Delhi's Digital Archives Are Drowning in Duplicate Images — The Numbers Reveal Why
Government digitisation drives across the capital have generated millions of redundant image files, and the data trail shows how bad the problem has actually become.
Government digitisation drives across the capital have generated millions of redundant image files, and the data trail shows how bad the problem has actually become.

Delhi's municipal and state agencies collectively stored an estimated 40 to 60 percent of their digitised image archives as exact or near-exact duplicates by the end of the 2025–26 financial year, according to internal assessments circulated among IT departments working under the Delhi e-Governance Society. The redundancy is not a minor housekeeping issue. It is eating storage budgets, slowing public-facing portals, and quietly undermining the city's ambitious push to digitise everything from land records in Patwari offices across East Delhi to heritage photographs held by the Archaeological Survey of India's regional office on Janpath.

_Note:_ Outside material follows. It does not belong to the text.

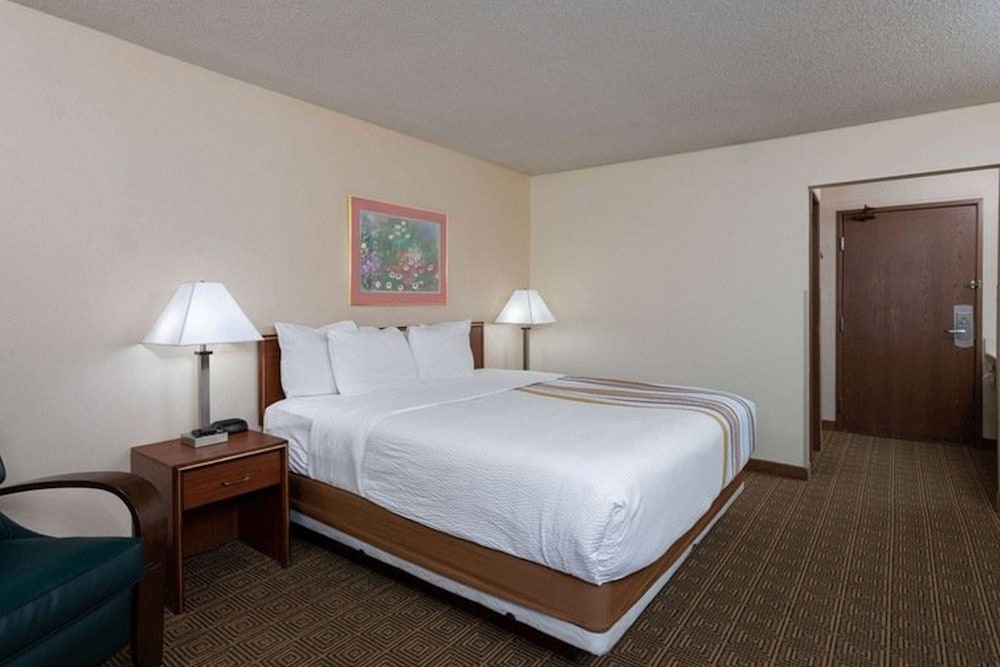 Norwood Inn & Suites by BlissPoint Post Rd Indianapolis - photo 23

The timing matters because Delhi is mid-way through a parallel expansion. Delhi Metro Rail Corporation is digitising engineering drawings and surveillance footage as Phase 4 construction accelerates across the Janakpuri West to RK Ashram Marg corridor. The Delhi government's Revenue Department has been uploading property records, mutation documents and scanned deeds onto the e-District portal since at least 2019. Every one of those workflows produces images. Without deduplication protocols baked into the ingestion pipeline, duplicates accumulate faster than any manual review team can catch them.
Storage is not cheap, even in bulk. Cloud object storage priced for Indian government procurement runs roughly ₹2 to ₹4 per gigabyte per month depending on the tier and vendor empanelled under the MeitY rate contract. A single uncompressed TIFF scan of an A3 land document — the standard the Revenue Department uses — sits at around 25 to 50 MB. Multiply that by millions of records across dozens of tehsils, add surveillance stills from Metro stations, and the monthly bill compounds sharply. When 40 percent of those files are duplicates serving no informational purpose, the wastage is arithmetically straightforward.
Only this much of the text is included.